[Opening WORKING DATA section]
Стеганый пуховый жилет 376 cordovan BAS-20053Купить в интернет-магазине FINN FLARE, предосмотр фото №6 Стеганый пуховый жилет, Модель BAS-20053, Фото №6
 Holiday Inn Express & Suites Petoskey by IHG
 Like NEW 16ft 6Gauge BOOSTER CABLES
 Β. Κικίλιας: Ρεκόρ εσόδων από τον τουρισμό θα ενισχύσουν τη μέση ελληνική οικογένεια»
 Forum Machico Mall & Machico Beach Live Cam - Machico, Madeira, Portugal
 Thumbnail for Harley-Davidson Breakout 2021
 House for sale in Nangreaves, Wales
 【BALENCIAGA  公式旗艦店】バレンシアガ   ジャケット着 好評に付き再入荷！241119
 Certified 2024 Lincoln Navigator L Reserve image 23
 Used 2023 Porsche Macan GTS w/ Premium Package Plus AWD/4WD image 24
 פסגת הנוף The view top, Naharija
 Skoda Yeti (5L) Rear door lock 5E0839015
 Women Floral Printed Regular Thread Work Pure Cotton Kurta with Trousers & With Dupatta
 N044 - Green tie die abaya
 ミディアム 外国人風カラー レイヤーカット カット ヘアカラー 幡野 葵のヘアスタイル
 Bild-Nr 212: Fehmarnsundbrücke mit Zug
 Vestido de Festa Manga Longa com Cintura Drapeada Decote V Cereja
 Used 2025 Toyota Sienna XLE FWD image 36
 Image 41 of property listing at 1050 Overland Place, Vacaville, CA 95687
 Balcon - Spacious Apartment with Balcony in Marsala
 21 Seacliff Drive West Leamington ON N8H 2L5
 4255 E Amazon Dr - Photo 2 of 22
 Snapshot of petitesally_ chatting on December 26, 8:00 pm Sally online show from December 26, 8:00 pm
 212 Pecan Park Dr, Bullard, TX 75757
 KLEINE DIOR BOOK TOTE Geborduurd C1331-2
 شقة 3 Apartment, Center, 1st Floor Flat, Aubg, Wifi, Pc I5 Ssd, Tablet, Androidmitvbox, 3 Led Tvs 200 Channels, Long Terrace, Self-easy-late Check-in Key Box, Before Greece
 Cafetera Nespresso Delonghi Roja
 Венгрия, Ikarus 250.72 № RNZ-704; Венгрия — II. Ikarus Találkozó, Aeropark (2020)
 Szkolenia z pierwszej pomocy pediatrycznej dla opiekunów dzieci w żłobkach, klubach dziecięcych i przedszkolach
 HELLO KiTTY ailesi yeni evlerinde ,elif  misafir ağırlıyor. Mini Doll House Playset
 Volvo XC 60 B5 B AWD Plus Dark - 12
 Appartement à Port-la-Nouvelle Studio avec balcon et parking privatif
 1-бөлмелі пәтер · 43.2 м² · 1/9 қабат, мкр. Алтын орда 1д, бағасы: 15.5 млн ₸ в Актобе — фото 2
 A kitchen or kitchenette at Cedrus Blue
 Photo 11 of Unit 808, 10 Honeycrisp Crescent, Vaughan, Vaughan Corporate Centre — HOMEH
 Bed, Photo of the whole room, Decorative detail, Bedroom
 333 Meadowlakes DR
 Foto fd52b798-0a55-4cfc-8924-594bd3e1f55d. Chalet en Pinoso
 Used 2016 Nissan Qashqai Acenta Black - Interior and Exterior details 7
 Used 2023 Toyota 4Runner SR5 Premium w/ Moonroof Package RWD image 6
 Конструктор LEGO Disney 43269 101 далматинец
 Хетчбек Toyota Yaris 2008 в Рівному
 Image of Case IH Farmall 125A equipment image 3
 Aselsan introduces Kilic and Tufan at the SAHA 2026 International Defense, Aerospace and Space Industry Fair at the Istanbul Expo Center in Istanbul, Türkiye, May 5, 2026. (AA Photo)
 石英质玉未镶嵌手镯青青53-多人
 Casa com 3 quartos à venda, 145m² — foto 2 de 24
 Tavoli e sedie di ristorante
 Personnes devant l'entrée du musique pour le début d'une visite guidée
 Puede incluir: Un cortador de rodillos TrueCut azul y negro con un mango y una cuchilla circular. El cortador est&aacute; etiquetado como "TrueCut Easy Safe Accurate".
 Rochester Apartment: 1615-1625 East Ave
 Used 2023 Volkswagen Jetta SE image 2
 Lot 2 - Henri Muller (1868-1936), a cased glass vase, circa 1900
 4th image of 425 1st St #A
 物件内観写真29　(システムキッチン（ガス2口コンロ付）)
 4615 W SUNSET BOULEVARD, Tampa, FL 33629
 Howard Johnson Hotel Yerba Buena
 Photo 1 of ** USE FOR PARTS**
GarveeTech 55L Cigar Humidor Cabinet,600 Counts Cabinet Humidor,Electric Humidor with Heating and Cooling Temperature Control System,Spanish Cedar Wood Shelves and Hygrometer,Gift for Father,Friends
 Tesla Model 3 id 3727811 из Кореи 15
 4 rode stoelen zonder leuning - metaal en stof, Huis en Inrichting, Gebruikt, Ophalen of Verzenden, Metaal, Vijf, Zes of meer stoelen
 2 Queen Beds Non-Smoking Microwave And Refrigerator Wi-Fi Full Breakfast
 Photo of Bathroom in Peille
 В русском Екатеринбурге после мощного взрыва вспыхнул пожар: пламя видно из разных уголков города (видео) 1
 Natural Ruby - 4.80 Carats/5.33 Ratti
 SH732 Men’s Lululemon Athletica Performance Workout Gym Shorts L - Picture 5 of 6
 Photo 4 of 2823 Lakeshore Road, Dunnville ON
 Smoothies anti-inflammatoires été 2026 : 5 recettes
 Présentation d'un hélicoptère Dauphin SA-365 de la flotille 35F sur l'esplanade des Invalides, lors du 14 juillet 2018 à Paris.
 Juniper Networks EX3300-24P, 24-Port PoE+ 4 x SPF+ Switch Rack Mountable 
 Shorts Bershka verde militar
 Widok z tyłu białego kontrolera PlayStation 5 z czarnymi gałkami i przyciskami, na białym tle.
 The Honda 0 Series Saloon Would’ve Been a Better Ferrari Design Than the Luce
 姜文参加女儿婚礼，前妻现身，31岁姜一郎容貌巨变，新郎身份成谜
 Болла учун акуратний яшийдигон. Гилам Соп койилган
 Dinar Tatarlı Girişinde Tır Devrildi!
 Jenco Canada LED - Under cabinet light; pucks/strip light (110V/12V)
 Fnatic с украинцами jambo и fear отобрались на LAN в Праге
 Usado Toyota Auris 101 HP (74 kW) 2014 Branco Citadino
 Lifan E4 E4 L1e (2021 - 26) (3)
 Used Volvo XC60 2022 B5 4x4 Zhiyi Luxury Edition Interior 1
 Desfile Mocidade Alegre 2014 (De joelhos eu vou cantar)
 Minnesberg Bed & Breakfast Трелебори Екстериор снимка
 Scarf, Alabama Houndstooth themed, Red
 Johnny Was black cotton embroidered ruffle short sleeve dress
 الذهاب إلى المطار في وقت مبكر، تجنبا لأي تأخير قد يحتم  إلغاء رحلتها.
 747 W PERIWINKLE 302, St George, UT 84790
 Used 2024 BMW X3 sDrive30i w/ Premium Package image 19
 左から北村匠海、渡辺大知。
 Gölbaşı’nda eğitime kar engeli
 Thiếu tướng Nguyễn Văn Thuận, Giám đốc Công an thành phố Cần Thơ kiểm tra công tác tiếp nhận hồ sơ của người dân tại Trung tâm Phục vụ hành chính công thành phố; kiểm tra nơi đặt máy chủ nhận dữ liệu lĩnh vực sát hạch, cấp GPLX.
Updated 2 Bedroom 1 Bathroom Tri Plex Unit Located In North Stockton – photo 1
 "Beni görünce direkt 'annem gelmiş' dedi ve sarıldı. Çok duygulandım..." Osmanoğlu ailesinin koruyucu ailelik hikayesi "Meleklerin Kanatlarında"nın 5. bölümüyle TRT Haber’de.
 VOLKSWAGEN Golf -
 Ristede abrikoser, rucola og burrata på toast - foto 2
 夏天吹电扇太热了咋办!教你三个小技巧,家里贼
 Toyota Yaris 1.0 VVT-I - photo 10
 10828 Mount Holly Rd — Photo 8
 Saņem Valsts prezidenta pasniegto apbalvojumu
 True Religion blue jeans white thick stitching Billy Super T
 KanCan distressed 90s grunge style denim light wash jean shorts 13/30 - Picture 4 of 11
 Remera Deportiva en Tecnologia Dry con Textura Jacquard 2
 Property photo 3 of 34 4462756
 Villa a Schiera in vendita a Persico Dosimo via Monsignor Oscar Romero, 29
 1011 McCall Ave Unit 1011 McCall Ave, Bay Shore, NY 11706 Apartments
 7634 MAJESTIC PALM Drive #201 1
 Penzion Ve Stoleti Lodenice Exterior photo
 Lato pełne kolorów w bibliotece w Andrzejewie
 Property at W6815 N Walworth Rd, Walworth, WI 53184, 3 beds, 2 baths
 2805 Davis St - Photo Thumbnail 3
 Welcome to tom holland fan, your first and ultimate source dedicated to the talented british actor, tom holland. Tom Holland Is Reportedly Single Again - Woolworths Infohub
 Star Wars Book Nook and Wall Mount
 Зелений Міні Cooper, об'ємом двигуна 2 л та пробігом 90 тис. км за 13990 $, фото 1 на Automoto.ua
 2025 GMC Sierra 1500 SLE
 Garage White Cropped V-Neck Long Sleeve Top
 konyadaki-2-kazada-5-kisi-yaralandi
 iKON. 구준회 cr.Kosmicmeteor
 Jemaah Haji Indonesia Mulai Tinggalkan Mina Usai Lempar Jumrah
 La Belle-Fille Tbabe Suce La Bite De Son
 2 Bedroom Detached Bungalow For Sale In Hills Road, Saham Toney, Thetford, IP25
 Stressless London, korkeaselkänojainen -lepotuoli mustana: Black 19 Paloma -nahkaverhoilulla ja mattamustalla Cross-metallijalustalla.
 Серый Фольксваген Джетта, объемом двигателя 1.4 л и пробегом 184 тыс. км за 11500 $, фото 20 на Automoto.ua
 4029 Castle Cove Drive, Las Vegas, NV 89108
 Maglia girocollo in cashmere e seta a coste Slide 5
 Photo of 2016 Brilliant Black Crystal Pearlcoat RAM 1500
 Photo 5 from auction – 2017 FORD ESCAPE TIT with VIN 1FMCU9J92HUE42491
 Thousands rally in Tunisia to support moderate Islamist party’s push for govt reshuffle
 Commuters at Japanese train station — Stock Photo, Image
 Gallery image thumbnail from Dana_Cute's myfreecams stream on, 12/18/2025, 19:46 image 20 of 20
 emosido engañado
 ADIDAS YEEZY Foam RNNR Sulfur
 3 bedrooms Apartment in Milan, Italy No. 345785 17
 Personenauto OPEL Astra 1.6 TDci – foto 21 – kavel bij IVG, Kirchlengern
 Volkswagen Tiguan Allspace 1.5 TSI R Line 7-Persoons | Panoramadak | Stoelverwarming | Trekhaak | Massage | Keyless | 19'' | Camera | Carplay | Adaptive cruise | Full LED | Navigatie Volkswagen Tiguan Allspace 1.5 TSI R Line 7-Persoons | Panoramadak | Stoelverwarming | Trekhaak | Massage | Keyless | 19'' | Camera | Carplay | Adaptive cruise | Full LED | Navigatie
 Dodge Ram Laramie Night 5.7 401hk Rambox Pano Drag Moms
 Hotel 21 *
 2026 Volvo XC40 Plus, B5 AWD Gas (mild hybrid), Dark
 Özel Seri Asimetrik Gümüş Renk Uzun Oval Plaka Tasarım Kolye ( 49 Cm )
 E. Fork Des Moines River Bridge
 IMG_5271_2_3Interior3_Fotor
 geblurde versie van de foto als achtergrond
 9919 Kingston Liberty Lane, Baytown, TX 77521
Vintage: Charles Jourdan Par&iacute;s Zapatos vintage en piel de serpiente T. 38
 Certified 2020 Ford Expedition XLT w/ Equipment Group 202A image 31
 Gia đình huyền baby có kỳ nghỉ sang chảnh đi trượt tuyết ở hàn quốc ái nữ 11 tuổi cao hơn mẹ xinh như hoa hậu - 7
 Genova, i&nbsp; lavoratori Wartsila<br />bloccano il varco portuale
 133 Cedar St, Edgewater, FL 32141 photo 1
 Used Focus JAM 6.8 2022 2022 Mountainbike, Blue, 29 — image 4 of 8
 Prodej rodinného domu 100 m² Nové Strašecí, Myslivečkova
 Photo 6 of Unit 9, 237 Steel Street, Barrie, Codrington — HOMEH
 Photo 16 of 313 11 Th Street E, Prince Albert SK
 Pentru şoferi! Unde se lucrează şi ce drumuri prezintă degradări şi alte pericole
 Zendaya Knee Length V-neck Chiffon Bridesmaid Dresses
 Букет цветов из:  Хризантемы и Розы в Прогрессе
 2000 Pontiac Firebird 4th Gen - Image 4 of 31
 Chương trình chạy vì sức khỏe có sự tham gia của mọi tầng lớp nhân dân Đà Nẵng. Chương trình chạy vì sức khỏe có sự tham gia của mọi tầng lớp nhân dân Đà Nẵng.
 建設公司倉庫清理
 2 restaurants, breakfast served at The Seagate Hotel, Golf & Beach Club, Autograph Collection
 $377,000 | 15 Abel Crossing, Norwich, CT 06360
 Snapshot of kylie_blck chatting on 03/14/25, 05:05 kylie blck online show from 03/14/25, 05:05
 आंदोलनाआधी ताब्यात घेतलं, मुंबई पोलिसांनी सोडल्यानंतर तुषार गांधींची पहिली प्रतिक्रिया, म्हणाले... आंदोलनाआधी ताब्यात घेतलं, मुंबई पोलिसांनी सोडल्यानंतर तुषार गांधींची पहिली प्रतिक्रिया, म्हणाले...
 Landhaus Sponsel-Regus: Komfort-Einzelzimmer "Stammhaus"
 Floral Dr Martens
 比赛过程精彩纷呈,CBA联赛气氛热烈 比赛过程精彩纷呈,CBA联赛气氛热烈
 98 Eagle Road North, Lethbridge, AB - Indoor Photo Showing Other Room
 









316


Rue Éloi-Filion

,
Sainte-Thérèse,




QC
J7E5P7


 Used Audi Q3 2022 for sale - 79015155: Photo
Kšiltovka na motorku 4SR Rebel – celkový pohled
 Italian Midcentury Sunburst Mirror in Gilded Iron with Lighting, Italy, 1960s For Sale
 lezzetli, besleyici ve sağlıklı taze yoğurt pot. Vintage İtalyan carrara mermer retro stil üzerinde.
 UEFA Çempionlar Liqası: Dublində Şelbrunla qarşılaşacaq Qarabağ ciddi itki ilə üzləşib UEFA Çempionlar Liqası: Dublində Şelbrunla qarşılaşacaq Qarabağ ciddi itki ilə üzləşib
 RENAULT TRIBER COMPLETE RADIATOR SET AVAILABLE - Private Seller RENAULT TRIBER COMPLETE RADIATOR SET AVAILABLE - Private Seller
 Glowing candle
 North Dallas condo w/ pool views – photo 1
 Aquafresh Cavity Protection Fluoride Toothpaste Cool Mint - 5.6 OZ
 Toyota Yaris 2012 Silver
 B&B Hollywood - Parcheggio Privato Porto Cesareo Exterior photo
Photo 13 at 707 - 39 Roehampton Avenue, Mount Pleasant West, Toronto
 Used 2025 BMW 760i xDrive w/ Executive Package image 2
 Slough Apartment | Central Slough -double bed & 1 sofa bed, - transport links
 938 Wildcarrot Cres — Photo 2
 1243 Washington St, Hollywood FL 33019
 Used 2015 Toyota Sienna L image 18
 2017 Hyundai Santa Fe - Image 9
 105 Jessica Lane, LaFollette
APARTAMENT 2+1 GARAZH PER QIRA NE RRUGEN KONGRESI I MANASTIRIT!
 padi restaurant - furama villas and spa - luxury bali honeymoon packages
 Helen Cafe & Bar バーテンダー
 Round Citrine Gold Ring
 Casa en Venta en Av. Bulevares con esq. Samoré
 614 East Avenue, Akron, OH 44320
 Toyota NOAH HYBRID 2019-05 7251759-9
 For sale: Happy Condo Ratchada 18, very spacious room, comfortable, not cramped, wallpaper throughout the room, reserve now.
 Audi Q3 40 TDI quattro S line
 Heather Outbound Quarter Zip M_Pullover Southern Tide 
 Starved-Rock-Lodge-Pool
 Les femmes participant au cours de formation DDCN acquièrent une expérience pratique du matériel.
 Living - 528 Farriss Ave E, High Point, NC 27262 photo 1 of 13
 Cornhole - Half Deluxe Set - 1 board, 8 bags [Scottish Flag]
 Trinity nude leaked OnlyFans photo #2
[Closing WORKING DATA section]
TASK INSTRUCTIONS
Going back over the entries above, copy word for word every line from the one that has "Used Focus JAM" on through the one that has "Snapshot of kylie_blck".

FINAL ANSWER
 Used Focus JAM 6.8 2022 2022 Mountainbike, Blue, 29 — image 4 of 8
 Prodej rodinného domu 100 m² Nové Strašecí, Myslivečkova
 Photo 6 of Unit 9, 237 Steel Street, Barrie, Codrington — HOMEH
 Photo 16 of 313 11 Th Street E, Prince Albert SK
 Pentru şoferi! Unde se lucrează şi ce drumuri prezintă degradări şi alte pericole
 Zendaya Knee Length V-neck Chiffon Bridesmaid Dresses
 Букет цветов из:  Хризантемы и Розы в Прогрессе
 2000 Pontiac Firebird 4th Gen - Image 4 of 31
 Chương trình chạy vì sức khỏe có sự tham gia của mọi tầng lớp nhân dân Đà Nẵng. Chương trình chạy vì sức khỏe có sự tham gia của mọi tầng lớp nhân dân Đà Nẵng.
 建設公司倉庫清理
 2 restaurants, breakfast served at The Seagate Hotel, Golf & Beach Club, Autograph Collection
 $377,000 | 15 Abel Crossing, Norwich, CT 06360
 Snapshot of kylie_blck chatting on 03/14/25, 05:05 kylie blck online show from 03/14/25, 05:05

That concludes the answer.